Cronaca

Terrorismo, gli arrestati: “La miglior bevanda è il sangue dei miscredenti. Noi comunque dobbiamo morire”

Parlavano di Jihad, postavano inni al martirio sui social, ammiravano chi muore nei teatri di guerra islamica e pensavano a un attentato al Ponte di Rialto, secondo la Procura di Venezia, i quattro cittadini kosovari arrestati. Fisnik Bekaj si è avvalso della facoltà di non rispondere davanti al gip. Altri quattro indagati saranno probabilmente espulsi

“La migliore bevanda è il sangue dei Kefir (miscredenti, ndr)”, “Noi comunque dobbiamo morire“, “Hai visto cosa hanno fatto Londra?” “Hanno fatto proprio bene”, “Chi combatte sulla strada di Allah e viene ucciso è martire e trionfa”. Parlavano di Jihad, postavano inni al martirio sui social, ammiravano chi muore nei teatri di guerra islamica e pensavano a un attentato al Ponte di Rialto, secondo la Procura di Venezia, i quattro cittadini kosovari arrestati ieri a Venezia su ordine del gip Alberto Scaramuzza.

Oggi Fisnik Bekaj, considerato la guida spirituale del gruppo, è stato zitto davanti al giudice. Eppure era lui che spiegava di voler partire per Siria; era lui che, dopo aver subito un perquisizione nel 2015 sembrava essersi ulteriormente radicalizzato, ed era lui che dopo un misterioso viaggio nel maggio del 2016 era rientrato con una mano ferita. Per aver combattuto, questa l’ipotesi degli inquirenti, in Siria.

Le conversazioni tra tutti gli indagati, gli altri quattro che non sono stati arrestati verranno espulsi, erano tutte dello stesso tenore e cementate da un odio potente contro l’Occidente, ma anche contro la Russia di Putin (“Che Allah lo distrugga”) e la Turchia di Erdogan (“Così la Turchia agisce contro la Sunna: morbida con i miscredenti e dura con i musulmani”). “Per i musulmani è un obbligo distruggere le chiese e trasformarle in moschee” scriveva in uno dei tanti post su Instagram qualche giorno fa. Questo perché i social venivano considerati a tutti gli effetti come luoghi di combattimento: “Io consiglio di lavorare continuamente in Internet perché anche questo è jihad, e non è niente di meno di quello che fanno nei campi di battaglia con il permesso di Allah” scriveva Bekaj in un post il 31 gennaio 2017. “È però significativo il fatto che ammettere la possibilità di fornire prove di jihad anche al di fuori dei teatri di guerra, per questo giudice, è un concetto-premessa della possibilità di fornire prove non solo facendo proseliti su Internet; poiché “lavorare continuamente” in contesti diversi dai teatri della guerra tradizionale significa altresì fornire prove di jihad anche in diversi teatri al di fuori della guerra tradizionale e quindi – scrive il gip nell’ordinanza – nei paesi occidentali attraverso attentati attraverso i quali ogni musulmano potrà fornire una valida prova del jihad”.

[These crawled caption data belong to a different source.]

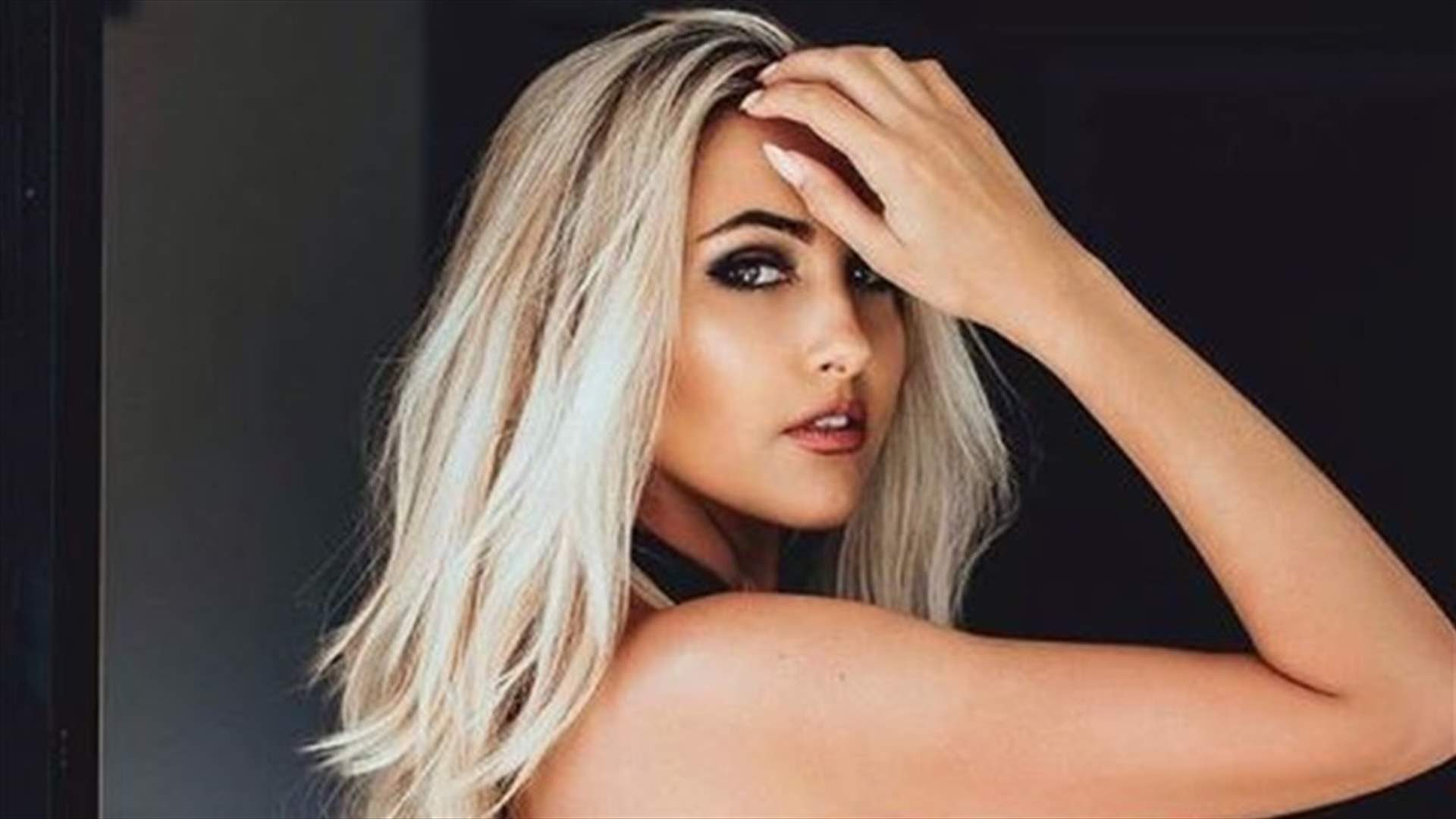بالصور - عارضة أزياء تعرّضت لتشوّه في وجهها بسبب عضّة كلب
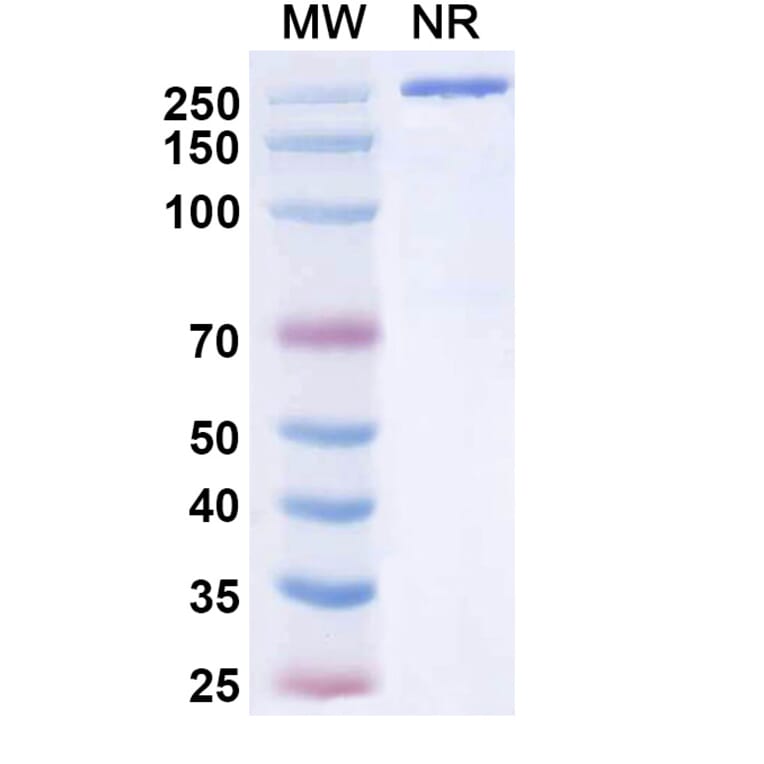 SDS-PAGE - Tuvonralimab Biosimilar - Anti-CTLA-4 Antibody - BSA and Azide free (A339165) - Antibodies.com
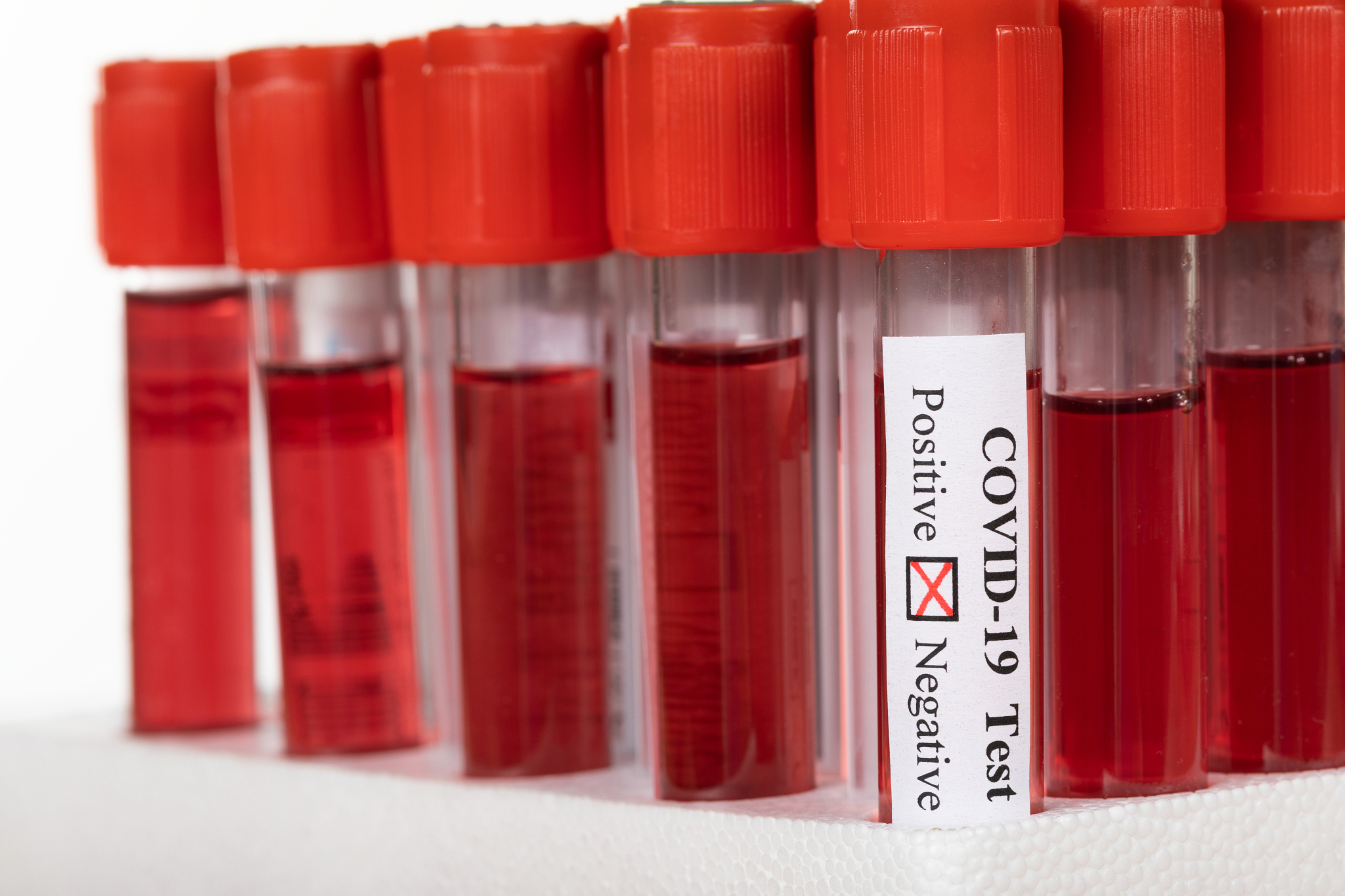 如何用湿润的红色石蕊试纸检测 NH4+ 离子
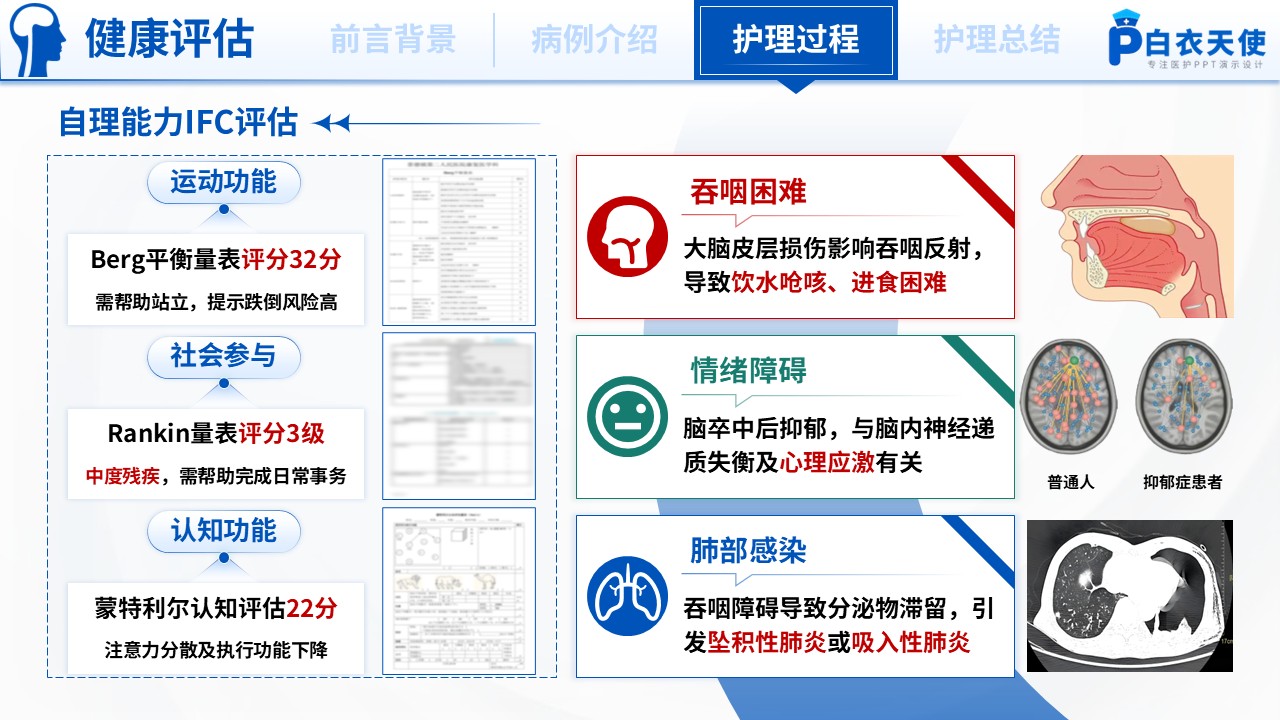176期-护理个案-基于循证的脑卒中患者的个案护理第9页预览
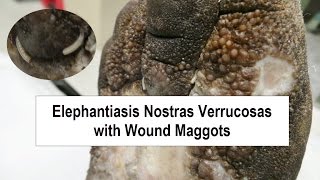 Elephantiasis Nostras Verrucosas and Wound Maggots [upl. by Analrahc347]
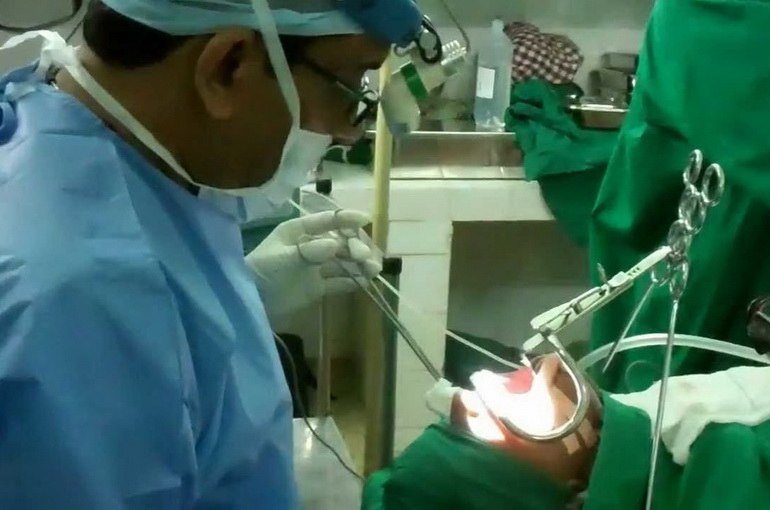 Хронічний тонзиліт і рецидивуючий тонзиліт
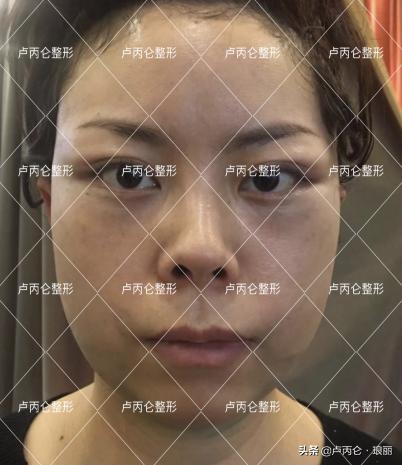 拉皮手术的后遗症有哪些,拉皮手术后易出现哪些后遗症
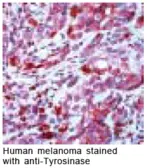 Anti-Tyrosinase antibody used in Immunohistochemistry (IHC). GTX15175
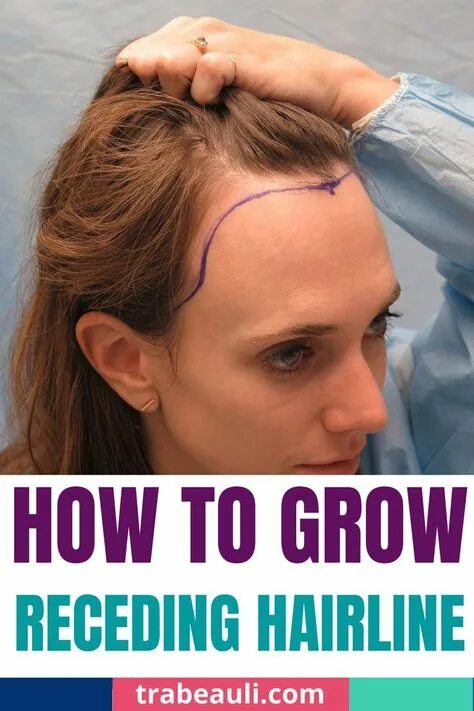 Прическа лоб фото 10 ide dan inspirasi how to grow receding hair line terbaik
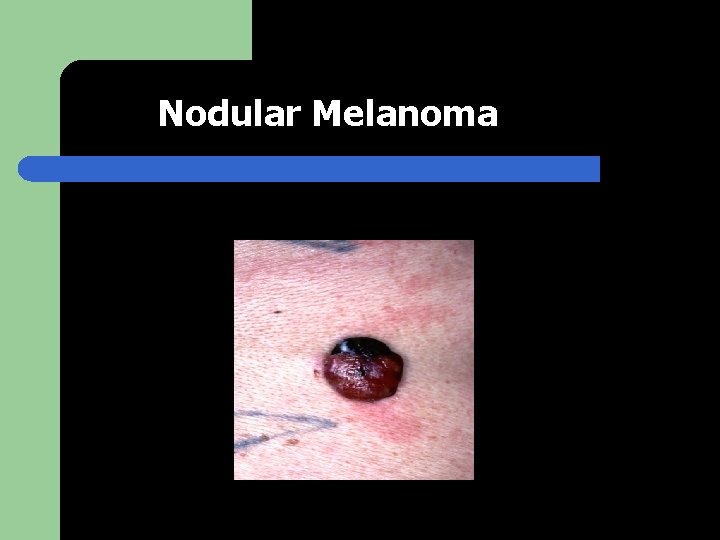 Nodular Melanoma 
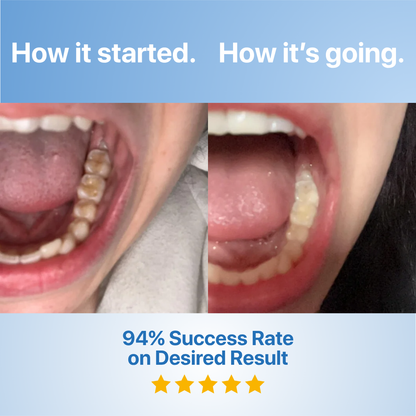 Reumi Tooth Repairing Powder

L’attenzione di polizia e carabinieri si sta ora concentrando sul materiale sequestrato nelle due abitazioni, a San Marco, dei tre arrestati. Nelle abitazioni sono stati trovati numerosi documenti ed almeno un paio di computer portatili i cui hard disk sono ora nelle mani degli esperti. Dall’account Istagram di Dake Haziraj gli investigatori sono risaliti ad un ulteriore profilo cogestito con Bekaj seguito da ben 18mila persone. I contenuti emersi sono relativi a riflessioni sul Corano e sull’Islam per poi passare alla denuncia del comportamento “immorale” dell’Occidente nei confronti dei musulmani in Siria fino a parteggiare apertamente per i combattenti del cosiddetto Stato Islamico.